Just a caveat, the former teacher and classmate have never held
a "real" job before. The classmate was stuck in a jungle for
2 years doing peace core shit and recently came back. I don't
know about you, but I think the education system is pretty fucked
if we have people like this running our schools.
\_ Go vouchers!!! Oh wait teacher's unions control the schools and
Dem. Party....
\_ As anyone who worked for a corporation will tell you, corporations
_do_ suck, for the most part. But avoiding or restricting
corporations treats the symptom, not the disease. I don't think
anyone knows how to treat the disease (which, btw, has nothing to
do with corporations themselves, it's apparent in the public sector
too). -- ilyas
\_ Seems to me the common factor is concentrated wealth and power.
"Soulless bureaucracies" are manifestations of power that can
generally be traced to a few large stockholders or government
officials. What do we mean by "restricting corporations"?

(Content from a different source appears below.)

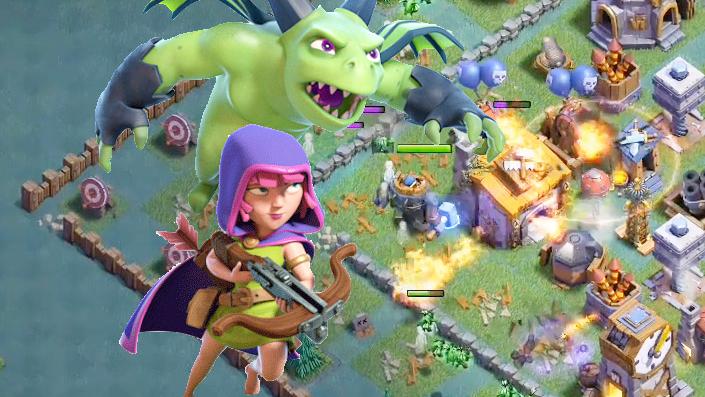 如何更好的冲杯？《部落冲突》6本建筑大师基地打法攻略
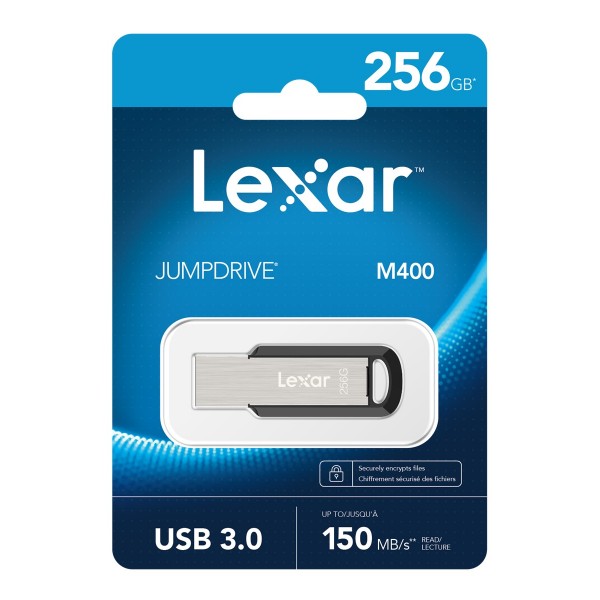 LEXAR 256GB LJDM400256G-BNBNG USB BELLEK JUMPDRIVE M400 256GB USB 3.0 FLASH DRIVE UP TO 150MB/S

Regulating human employment, monopolies, and corporate actions
affecting health, safety, and the environment all seem to be
desirable to me, in this capitalist system, to protect against
the abuses inherently possible with these massive differences
in wealth and power. The government itself is *supposed* to
manifest the power of the "people" but obviously this too needs
watching. But corps. generally represent the power of very few.
--motd moderate
\_ '... needs watching.' Yes indeed. The problem is, even with
government watchdog groups, it's much harder to get the
government to change. Anyways, I am not really holding my
breath for an improvement until the world has achieved
americanization/globalization/localization. I think when that
happens a lot of problems will go away.
(By 'a/g/l' I mean the country's gvt systems and economies
will come to resemble the US, while at the same time there
will be a huge push to decentralize most aspects of the
government, start cultural preservation movements, and so on.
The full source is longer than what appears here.